Friday, August 07, 2009

Advice to Rupert Murdoch not hidden behind a paywall

(photo by Indio)

“I am pleased that we are reporting adjusted operating income right in line with the guidance we previously provided during the last six months which reflects a decline of approximately 30%.”

This was the optimistic opening statement of News Corporation's CEO in his announcement of the company’s recent drastic decline in fortunes. In the 12 months between 30 June 2008 and 30 June 2009 NewsCorp has gone from being a company making a $5.39 billion profit to one making a $3.38 billion loss. Yet Murdoch could say “I was pleased” because he could correctly predict the scale of the disaster when the company realised they were heading for a train wreck in December.

This small crumb of comfort shows the old dog hasn't lost his newspaper ability to spin a line. Because in truth, there wasn't much pleasing about the report. The global financial crisis has come calling and taken a big slice out of the enterprise. And even despite the recent “guidance”, News Corp's final quarter revenue fell 10.5 percent and the company lost $680m.

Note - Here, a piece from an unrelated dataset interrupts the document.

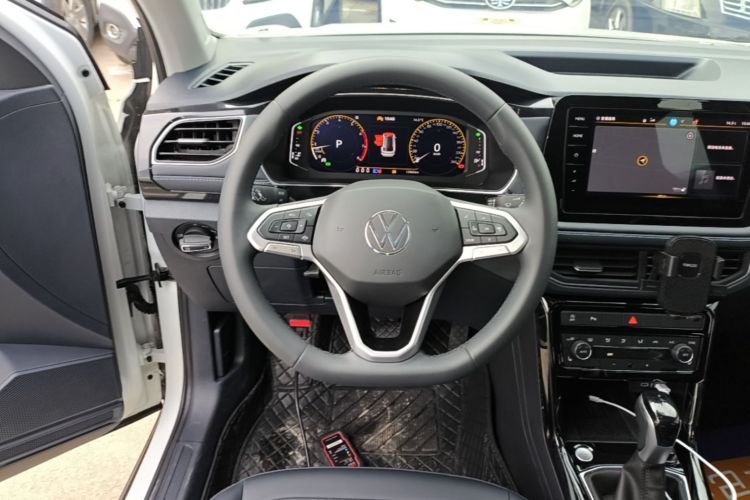 Volkswagen Tharu 2025 #15 Volkswagen Tharu 2025 car image #15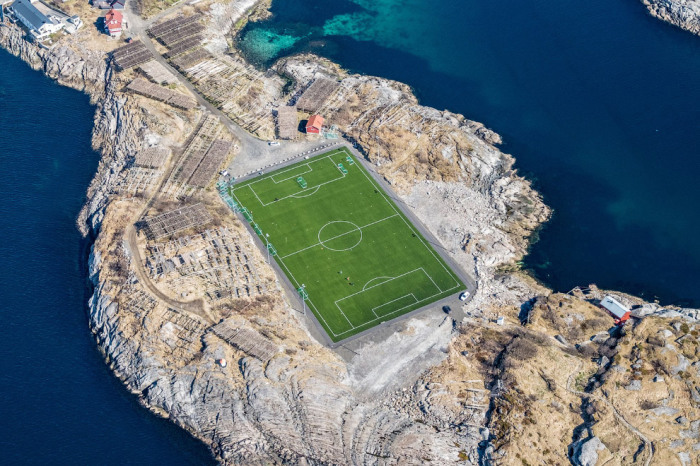 Футбольный стадион в Норвегии на Лофотенских островах. Фотограф Stas Bartnikas.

Market Watch put this reverse down to “impairment, restructuring and other charges”. News’s stagnant social networking site Myspace was turning into a particularly bad impairment dragging $363m off the bottom line.

The asset list threw up one other important fact: In 12 months, $10 billion of assets have disappeared. But whereas current assets such as cash actually increased, the loss was sustained primarily in intangible assets and goodwill. I don’t know how they measured $10 billion of intangibles, but the goodwill will hardly improve after Murdoch’s parallel announcement that News would charge for access to all its major websites by the Northern Summer of 2010. "Quality journalism is not cheap," Murdoch told the fourth quarter earnings conference. "The digital revolution has opened many new and inexpensive distribution channels but it has not made content free,” he said.

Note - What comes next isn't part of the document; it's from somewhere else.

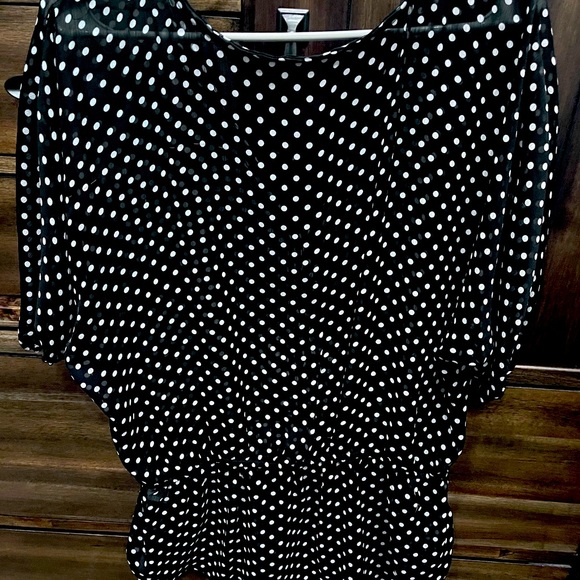 Fun work top! - Picture 2 of 3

Rupert is right about the quality journalism but wrong about the digital revolution. It HAS made content free. Newspapers should have thought about charging before they began putting it out on the Net for free. But they didn’t. People got used to the fact that they can get their news online without having to reach for their wallet. And News Corporation, despite its vast power, cannot change that. Closing this gate now well after the horse has bolted won’t make any difference. Because no other media company will follow suit. All a paywall will mean is that News Corporation will lose further audience share and those nasty loss brackets will be even more common on the balance sheet.

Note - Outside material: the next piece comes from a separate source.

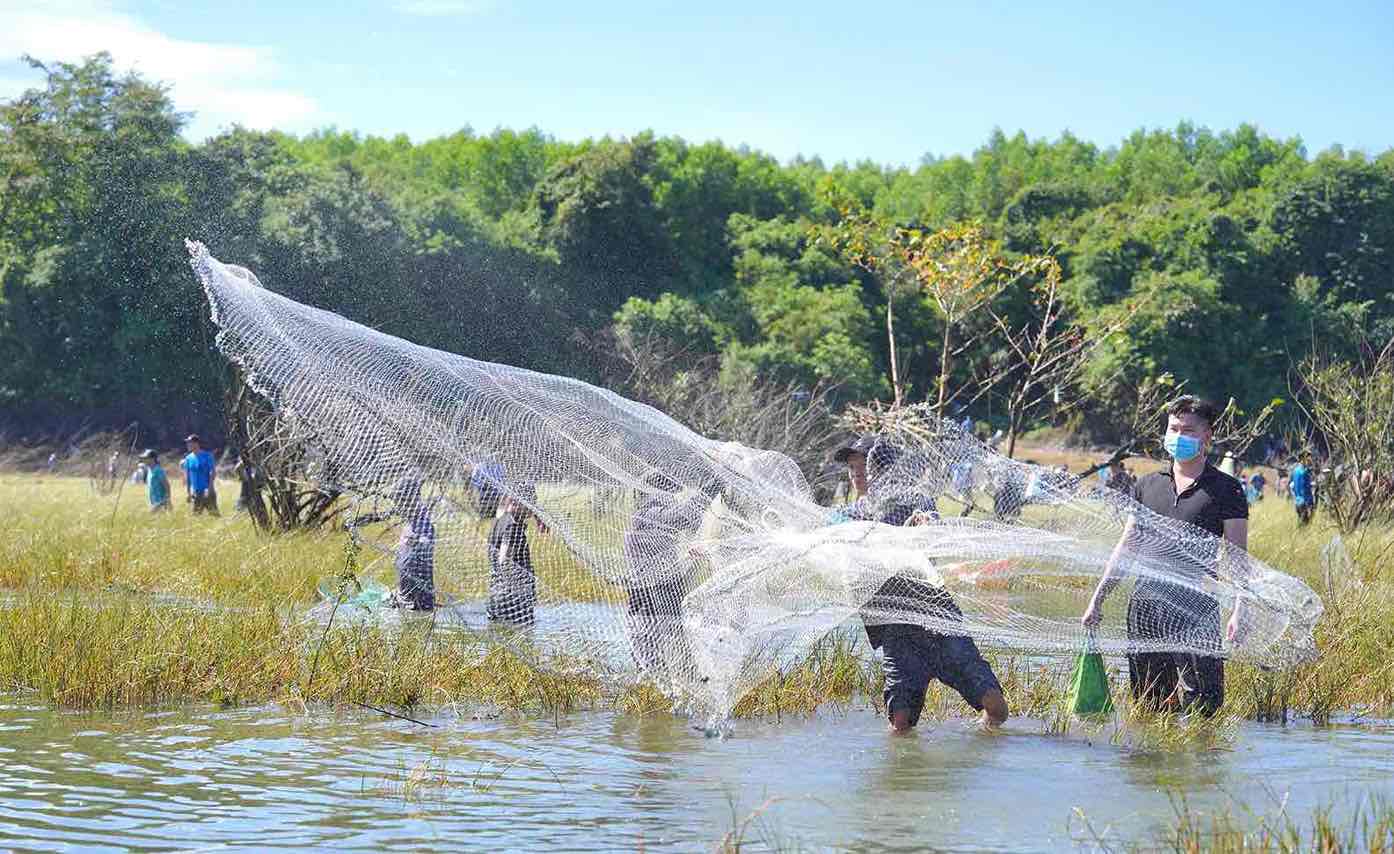 Nguoi dan quang luoi bat ca duoi chan dap thuy dien Tri An sau khi dong dap xa tran ngay 19.10. Anh tu lieu: HAC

I sympathise with News Corporation’s desire to monetise their online content - I would like to do that myself. I make a tiny income from sponsored links and have a tipjar that is gathering dust over on the sidebar. But putting a paywall round my content won’t work. No-one is going to pay to read me. Nor, I venture, will many people pay to read The Sun, The New York Post, The Times, The Australian or any other of Murdoch's digital offerings. There are simply too many other sources of credible information out there.

Yet I wish them well. With the talented and creative people at their disposal, I trust News Corp can find an imaginative way to fix the problem. But they cannot afford to see the solutions of the past as a guide to how people will behave in the future. As Jeff Jarvis says when you “cut yourself off from links behind pay walls...you cut yourself off from the internet and its real value”. Murdoch himself admits there are “revolutionary changes taking place throughout the media Industry”. He must know that News Corp’s empire will fall to that revolution if they don’t tear down the paywalls and build something new instead.